4. Treatment of unrealized rent and arrears of rent
Deduction for unrealized rent:
Unrealized rent is that portion of rental income which the owner could not realize from the tenant. Unrealized rent is allowed to be deducted from actual rent received or receivable only if the following conditions are satisfied:
a) The tenancy is bonafide
b) The defaulting tenant has vacated, or steps have been taken to compel him to vacate the property;
c) The defaulting tenant is not in occupation of any other property of the assessee
d) The taxpayer has taken all reasonable steps to institute legal proceedings for the recovery of the unpaid rent or satisfies the Assessing Officer that legal proceedings would be useless.
Arrears of rent or recovery of unrealized rent:
Amount received in respect of arrears of rent or any subsequent recovery of unrealized rent shall be deemed to be the income of taxpayer under the head "Income from house property" in the year in which such rent is realized or received (whether or not the assesse is the owner of that property in that year).

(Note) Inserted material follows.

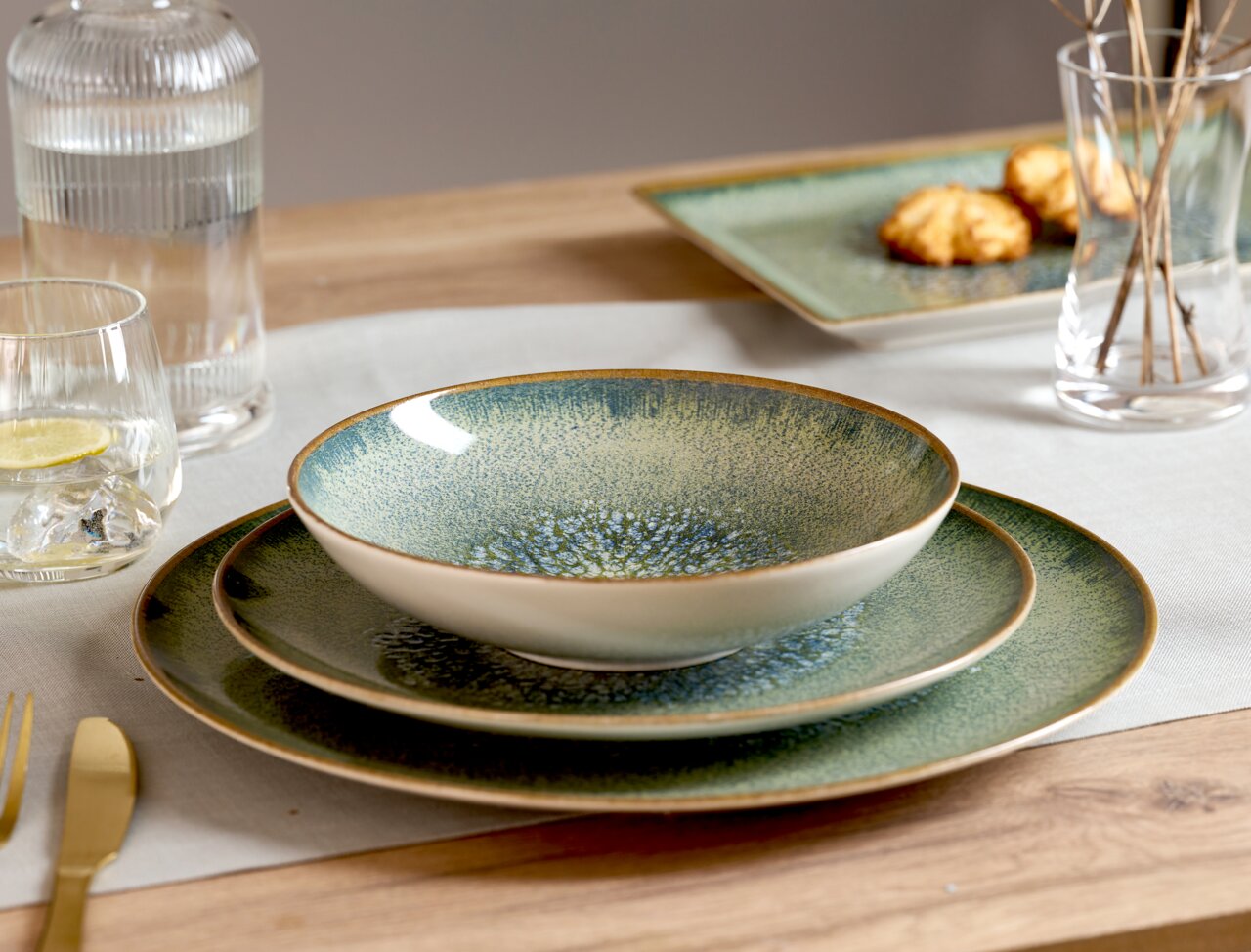 Een servies van keramiek in groenblauw met gespikkelde glazuur en een bruine rand, schuin van voren gefotografeerd: een diep bord/schaal op twee bijpassende borden op een gedekte houten tafel.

Further, 30% of such rent shall be allowed as deduction.
5. Co-owner and Deemed Owner
Property owned by co-owners:
If house property is owned by co-owners and their share in house property is definite and ascertainable than the income of such house property will be assessed in the hands of each co-owner separately. For the purpose of computing income from house property, the annual value of the property will be taken in proportion to their share in the property. In such a case, each co-owner shall be entitled to claim benefit of self-occupied house property in respect of their share in the property (subject to prescribed conditions).
Deemed owner:
Income from house property is taxable in the hands of its owner. However, in the following cases, legal owner is not considered as the real owner of the property and someone else is considered as the deemed owner of the property to pay tax on income earned from such house property:
1. An individual, who transfers otherwise than for adequate consideration any house property to his or her spouse;
2. The holder of an impartible estate shall be deemed to be the individual owner of all the properties comprised in the estate;
3. A member of a co-operative society, company or other association of persons to whom a building or part thereof is allotted or leased under a house building scheme shall be deemed to be the owner of that building or part thereof;
4. A person who is allowed to take or retain possession of any building or part thereof in part performance of a contract of the nature referred to in Section 53A of the Transfer of Property Act, 1882 shall be deemed to be the owner of that building or part thereof;
5. A person who acquires any rights (excluding any rights by way of a lease from month to month or for a period not exceeding one year) in or with respect to any building or part thereof, by virtue of any such transaction as is referred to in section 269UA (f), shall be deemed to be the owner of that building or part thereof.
6. Restriction on set off of loss from House Property
If the net result of computation of income under the head "House Property" is loss then such loss can be set-off against any other income up to Rs. 2 Lakh in any assessment year.
However, the loss which couldn't be set off can be carried forward for set-off in subsequent years. It can be carried forward for 8 Assessment years for set-off.